▶ [To do]: In the records below, find the line that contains "Take your art" and the line that contains "To put some", then retype exactly those two lines and every line between them.

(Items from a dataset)
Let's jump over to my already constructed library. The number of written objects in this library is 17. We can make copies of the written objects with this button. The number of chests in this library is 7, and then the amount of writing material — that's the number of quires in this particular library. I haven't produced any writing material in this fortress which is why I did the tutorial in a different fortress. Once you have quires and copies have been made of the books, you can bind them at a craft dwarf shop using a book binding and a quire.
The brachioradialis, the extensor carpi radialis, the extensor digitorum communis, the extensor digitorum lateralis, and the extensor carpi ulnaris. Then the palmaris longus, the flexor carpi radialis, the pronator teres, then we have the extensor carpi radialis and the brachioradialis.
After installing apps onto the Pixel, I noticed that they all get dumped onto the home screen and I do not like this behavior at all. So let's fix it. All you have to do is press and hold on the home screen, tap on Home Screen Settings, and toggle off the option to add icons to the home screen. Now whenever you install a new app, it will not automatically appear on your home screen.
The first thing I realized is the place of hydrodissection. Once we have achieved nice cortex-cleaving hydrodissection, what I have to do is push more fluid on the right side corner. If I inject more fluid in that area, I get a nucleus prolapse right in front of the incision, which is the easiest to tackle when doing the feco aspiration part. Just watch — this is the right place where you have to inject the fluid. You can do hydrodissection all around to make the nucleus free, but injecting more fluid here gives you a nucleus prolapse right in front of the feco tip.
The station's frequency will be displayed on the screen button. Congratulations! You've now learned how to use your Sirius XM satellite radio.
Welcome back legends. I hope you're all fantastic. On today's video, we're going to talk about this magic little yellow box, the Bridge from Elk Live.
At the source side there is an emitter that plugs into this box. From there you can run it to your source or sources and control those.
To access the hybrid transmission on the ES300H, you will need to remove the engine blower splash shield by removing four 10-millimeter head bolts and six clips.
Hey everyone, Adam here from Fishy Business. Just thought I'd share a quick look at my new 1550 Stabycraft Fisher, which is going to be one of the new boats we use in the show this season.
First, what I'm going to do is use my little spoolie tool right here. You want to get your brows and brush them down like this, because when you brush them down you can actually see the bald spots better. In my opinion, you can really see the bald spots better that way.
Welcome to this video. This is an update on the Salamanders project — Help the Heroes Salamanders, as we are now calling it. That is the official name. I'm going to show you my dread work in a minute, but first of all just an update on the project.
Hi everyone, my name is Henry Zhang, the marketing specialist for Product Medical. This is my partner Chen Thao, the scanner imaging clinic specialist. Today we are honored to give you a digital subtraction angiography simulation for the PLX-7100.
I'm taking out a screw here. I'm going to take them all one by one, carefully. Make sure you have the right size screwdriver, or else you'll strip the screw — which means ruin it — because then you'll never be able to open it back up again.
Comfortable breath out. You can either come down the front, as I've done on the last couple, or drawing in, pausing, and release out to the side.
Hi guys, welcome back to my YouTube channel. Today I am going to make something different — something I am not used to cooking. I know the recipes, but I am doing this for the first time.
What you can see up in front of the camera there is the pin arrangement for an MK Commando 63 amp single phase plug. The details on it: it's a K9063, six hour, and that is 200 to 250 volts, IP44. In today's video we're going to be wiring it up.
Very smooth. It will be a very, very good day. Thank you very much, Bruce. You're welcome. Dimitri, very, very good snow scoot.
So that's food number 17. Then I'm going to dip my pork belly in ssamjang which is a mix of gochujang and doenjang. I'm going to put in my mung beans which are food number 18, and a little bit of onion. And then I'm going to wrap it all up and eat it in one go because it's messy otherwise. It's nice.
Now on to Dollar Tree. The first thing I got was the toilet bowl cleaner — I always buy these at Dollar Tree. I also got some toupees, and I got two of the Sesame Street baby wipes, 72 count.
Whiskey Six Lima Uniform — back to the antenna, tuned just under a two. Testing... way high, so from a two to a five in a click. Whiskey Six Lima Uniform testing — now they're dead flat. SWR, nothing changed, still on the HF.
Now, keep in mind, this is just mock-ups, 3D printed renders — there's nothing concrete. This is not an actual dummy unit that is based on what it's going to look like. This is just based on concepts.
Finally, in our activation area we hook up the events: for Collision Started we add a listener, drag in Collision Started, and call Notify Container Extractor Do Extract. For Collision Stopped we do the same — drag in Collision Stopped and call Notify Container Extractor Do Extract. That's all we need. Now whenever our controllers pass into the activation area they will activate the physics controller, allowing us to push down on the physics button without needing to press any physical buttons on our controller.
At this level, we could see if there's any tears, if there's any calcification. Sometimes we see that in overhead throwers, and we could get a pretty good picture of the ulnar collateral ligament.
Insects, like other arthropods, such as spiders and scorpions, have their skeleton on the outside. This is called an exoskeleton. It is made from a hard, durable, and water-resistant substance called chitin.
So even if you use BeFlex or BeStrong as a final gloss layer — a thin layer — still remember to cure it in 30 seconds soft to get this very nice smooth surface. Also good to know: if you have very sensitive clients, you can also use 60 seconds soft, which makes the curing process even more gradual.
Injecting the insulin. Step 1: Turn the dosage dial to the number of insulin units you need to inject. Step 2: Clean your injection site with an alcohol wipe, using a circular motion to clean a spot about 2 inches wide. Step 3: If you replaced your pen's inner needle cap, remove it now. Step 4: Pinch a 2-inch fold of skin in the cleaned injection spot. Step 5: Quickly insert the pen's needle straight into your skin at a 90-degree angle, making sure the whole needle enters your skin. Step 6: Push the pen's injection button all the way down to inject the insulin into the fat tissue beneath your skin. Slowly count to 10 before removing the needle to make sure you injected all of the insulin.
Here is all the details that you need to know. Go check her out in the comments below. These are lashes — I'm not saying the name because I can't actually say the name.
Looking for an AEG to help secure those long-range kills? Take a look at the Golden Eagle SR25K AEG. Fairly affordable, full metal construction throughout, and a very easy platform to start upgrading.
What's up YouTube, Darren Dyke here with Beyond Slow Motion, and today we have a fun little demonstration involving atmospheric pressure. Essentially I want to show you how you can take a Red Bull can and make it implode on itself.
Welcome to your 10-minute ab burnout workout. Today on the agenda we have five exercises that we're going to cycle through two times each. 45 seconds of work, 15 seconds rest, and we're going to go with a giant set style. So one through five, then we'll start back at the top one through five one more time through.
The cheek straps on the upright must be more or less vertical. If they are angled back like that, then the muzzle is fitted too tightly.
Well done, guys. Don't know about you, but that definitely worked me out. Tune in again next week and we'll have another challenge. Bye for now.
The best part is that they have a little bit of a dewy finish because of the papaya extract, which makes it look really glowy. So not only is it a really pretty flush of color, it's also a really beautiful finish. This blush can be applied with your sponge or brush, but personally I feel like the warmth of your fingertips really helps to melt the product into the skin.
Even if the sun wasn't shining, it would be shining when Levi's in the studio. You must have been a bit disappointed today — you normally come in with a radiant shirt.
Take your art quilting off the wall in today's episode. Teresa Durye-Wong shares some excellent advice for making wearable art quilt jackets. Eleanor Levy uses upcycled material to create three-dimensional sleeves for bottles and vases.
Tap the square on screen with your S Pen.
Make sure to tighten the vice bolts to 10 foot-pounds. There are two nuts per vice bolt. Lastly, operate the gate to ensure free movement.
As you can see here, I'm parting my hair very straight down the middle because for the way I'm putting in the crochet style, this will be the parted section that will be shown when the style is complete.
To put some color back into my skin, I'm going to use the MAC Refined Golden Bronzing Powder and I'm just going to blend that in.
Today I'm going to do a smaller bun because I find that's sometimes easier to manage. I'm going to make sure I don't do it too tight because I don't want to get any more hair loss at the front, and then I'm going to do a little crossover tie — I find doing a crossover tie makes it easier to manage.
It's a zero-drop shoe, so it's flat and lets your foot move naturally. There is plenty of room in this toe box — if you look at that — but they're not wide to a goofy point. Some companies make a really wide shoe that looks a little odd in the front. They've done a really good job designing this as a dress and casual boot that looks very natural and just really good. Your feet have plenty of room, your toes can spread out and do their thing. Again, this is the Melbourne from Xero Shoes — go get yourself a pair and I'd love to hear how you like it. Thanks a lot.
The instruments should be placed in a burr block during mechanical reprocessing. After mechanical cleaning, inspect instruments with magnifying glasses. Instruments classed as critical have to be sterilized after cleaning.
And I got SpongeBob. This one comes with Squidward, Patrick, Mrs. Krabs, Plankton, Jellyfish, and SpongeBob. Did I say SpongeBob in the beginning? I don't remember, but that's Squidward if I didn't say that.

▶ [Answer below]:
Take your art quilting off the wall in today's episode. Teresa Durye-Wong shares some excellent advice for making wearable art quilt jackets. Eleanor Levy uses upcycled material to create three-dimensional sleeves for bottles and vases.
Tap the square on screen with your S Pen.
Make sure to tighten the vice bolts to 10 foot-pounds. There are two nuts per vice bolt. Lastly, operate the gate to ensure free movement.
As you can see here, I'm parting my hair very straight down the middle because for the way I'm putting in the crochet style, this will be the parted section that will be shown when the style is complete.
To put some color back into my skin, I'm going to use the MAC Refined Golden Bronzing Powder and I'm just going to blend that in.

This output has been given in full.